When Vladimir Bukovsky Speaks, Those Who Love Liberty Should Listen
JBS | June 29, 2007
John F. McManus
FLASHBACK: Former Soviet Dissident Warns Of EU Socialist Dictatorship
After years of imprisonment in the former Soviet Union, Bukovsky found himself expelled to the West in 1976. He has become a severe critic of Soviet rule. But he now views the European Union as a virtual copy of Soviet-style tyranny and urges that it be destroyed before it becomes a full-fledged tyranny.
Invited to Brussels from his adopted home in England, Vladimir Bukovsky minced few worlds in warning about the parallels he sees between the old Soviet Union and the new European Union. The text of his anti-EU speech, delivered in Brussels before a gathering of England's United Kingdom Independence Party, of which he is a patron, has been circulated by EU opponent Paul Belien.
Stating that the accumulation of EU power "reminds me of the Supreme Soviet," Bukovsky said the development resulted from a "conspiracy." He based his opinion on his good fortune in 1992 of being able to read older Politburo and Central Committee secret documents from the era when the Communist Party still controlled the USSR.

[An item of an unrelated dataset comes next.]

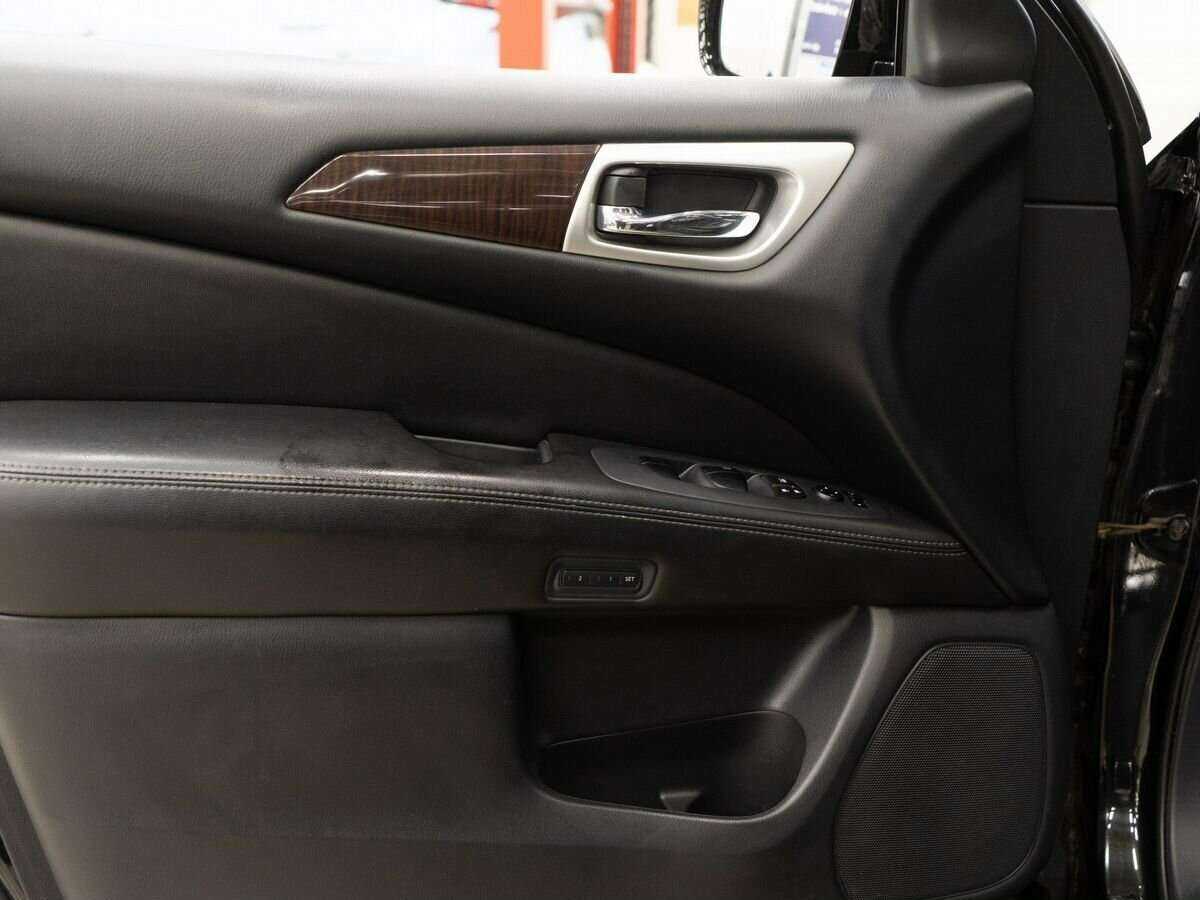 Купить Nissan Pathfinder с пробегом. Фото: #14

The outspoken Soviet dissident pointed specifically to what happened when a delegation of top-level "Trilateral Commission" members visited Mikhail Gorbachev in Moscow in January 1989. The group included Japan's Yasuhiro Nakasone, France's Valery Giscard d'Estaing, and David Rockefeller and Henry Kissinger from the United States. These world-class power brokers told Gorbachev that he must take his country "into the financial institutions of the world, such as GATT, the IMF and the World Bank." The dutiful Gorbachev, surely aware of the clout possessed by the men instructing him, proceeded to unravel the decades-old terrorist empire controlled by Moscow.
Even more, according to Bukovsky's gleaning of what occurred during this extraordinary meeting from the USSR's documents, Giscard d'Estaing bluntly told Gorbachev that Europe would soon become a single "federal state" and that he must allow "the other Eastern European countries to interact with it." These countries, at the time, were part of the Soviet empire. And the EU, not yet entangled by the 1992 Maastricht treaty, was still masquerading as a mere trade arrangement.

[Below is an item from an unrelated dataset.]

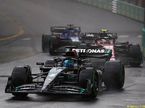 Джордж Расселл за рулём Mercedes W14 на трассе в Монако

Gorbachev had already written his 1987 book Perestroika in which he envisioned a "common European home … from the Atlantic to the Urals." He was obviously already on board the plan to terminate Soviet control of its Eastern European satellite nations. When he visited England in 2000, Gorbachev referred to the European Union as "the new European Soviet." (The Russian meaning for "soviet," and the near-certain meaning intended by Gorbachev, is a smaller governing body subservient to a supreme governing body, a supreme soviet.)
Christopher Story, the publisher of the London-based Soviet Analyst, stated after the Gorbachev visit that the European Union is "purely a Communist program." He added that Gorbachev's comments simply confirmed his own view and that "one does not need an advanced degree in Leninist studies to see this."
Bukovsky likened the EU's 80,000 pages of regulations to the USSR's huge Gosplan that planned everything as much as five years ahead. "Exactly the same thing is happening in the EU," he insisted and he pointed to "soviet type of corruption" as another similarity between the Communist government he detested and the EU he now strongly opposes.
Greatly fearing the potential of the EU's Europol to become the equivalent of a KGB, he called for the entire EU to be dissolved before it gains totalitarian powers. He worries greatly about Europol's diplomatic immunity and asked, "Can you imagine a KGB with diplomatic immunity?" He is especially concerned that charges of "racism" and "xenophobia," two undefined crimes already listed by Europol, will be used to silence and even punish opponents of "uncontrolled immigration from the Third World" and "further European integration."
Closing his remarks, Bukovsky stated, "This is why, and I am very frank about it, the sooner we finish with the EU the better. The sooner it collapses the less damage it will have done to us and to other countries. But we have to be quick because the Eurocrats are moving very fast."
Other voices are rising within the EU among nationalists who now see that their countries are almost completely dominated by EU headquarters in Brussels. Bukovsky's well-reasoned concerns will help to increase their number so that the day may soon come when this "new European Soviet" will implode — as did the old "Soviet Union."